### What is required:
Beneath this instruction is a listing; write out exactly the line that contains "ecoco冰块模具硅胶按压式冰格家用储冰冻冰盒带盖分段式制冰神器" and each line after it to the last.

[Material for this exercise Boundary: Start]

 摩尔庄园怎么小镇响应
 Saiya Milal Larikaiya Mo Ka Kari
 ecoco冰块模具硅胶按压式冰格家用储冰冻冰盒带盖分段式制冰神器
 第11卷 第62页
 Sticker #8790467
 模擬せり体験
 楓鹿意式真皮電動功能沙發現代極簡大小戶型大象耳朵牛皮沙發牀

[Material for this exercise Boundary: End]

### Reply:
 ecoco冰块模具硅胶按压式冰格家用储冰冻冰盒带盖分段式制冰神器
 第11卷 第62页
 Sticker #8790467
 模擬せり体験
 楓鹿意式真皮電動功能沙發現代極簡大小戶型大象耳朵牛皮沙發牀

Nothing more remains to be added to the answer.